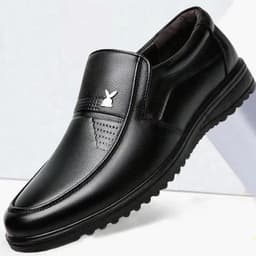 image-Men's Fashionable Casual Breathable Leather Shoes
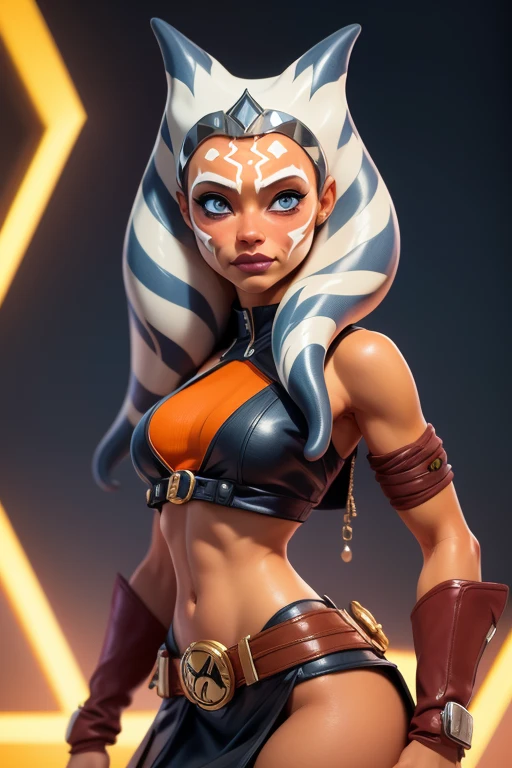 8K,L,Super beautiful ahsoka , big and full breasts,big smile,Super beautiful(Like the real thing)black and red sportina outfit,black and red sporty pants,　Sexy,deviantart artstation cgscosiety, 3Dレンダリングcharacter art8 K, Alena Aenami and Artgerm, Wojtek Füss, trending on Artstation 8k, trending on artstation hd, Adventure hyper realistic rendering, Perfect body with realistic shading, photorealistic perfect body, Ultra - High resolution,Super high resolution,surreal,fantasy art,character art,high quality,Sexy,Brown-haired shorthair,strongly cracked abdominal muscles,muscular slim body,muscular slender lower body,
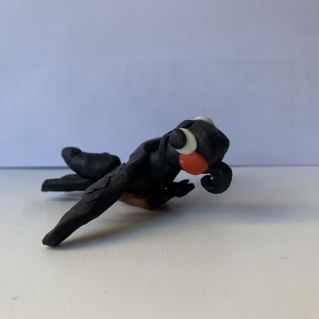 Маврикийский чубатый попугай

◆ ◆ ◆ ◆

Prompt »
Give the listing again, exactly as it appears, but without its images.

Result for this exercise »
 image-Men's Fashionable Casual Breathable Leather Shoes
 8K,L,Super beautiful ahsoka , big and full breasts,big smile,Super beautiful(Like the real thing)black and red sportina outfit,black and red sporty pants,　Sexy,deviantart artstation cgscosiety, 3Dレンダリングcharacter art8 K, Alena Aenami and Artgerm, Wojtek Füss, trending on Artstation 8k, trending on artstation hd, Adventure hyper realistic rendering, Perfect body with realistic shading, photorealistic perfect body, Ultra - High resolution,Super high resolution,surreal,fantasy art,character art,high quality,Sexy,Brown-haired shorthair,strongly cracked abdominal muscles,muscular slim body,muscular slender lower body,
 Маврикийский чубатый попугай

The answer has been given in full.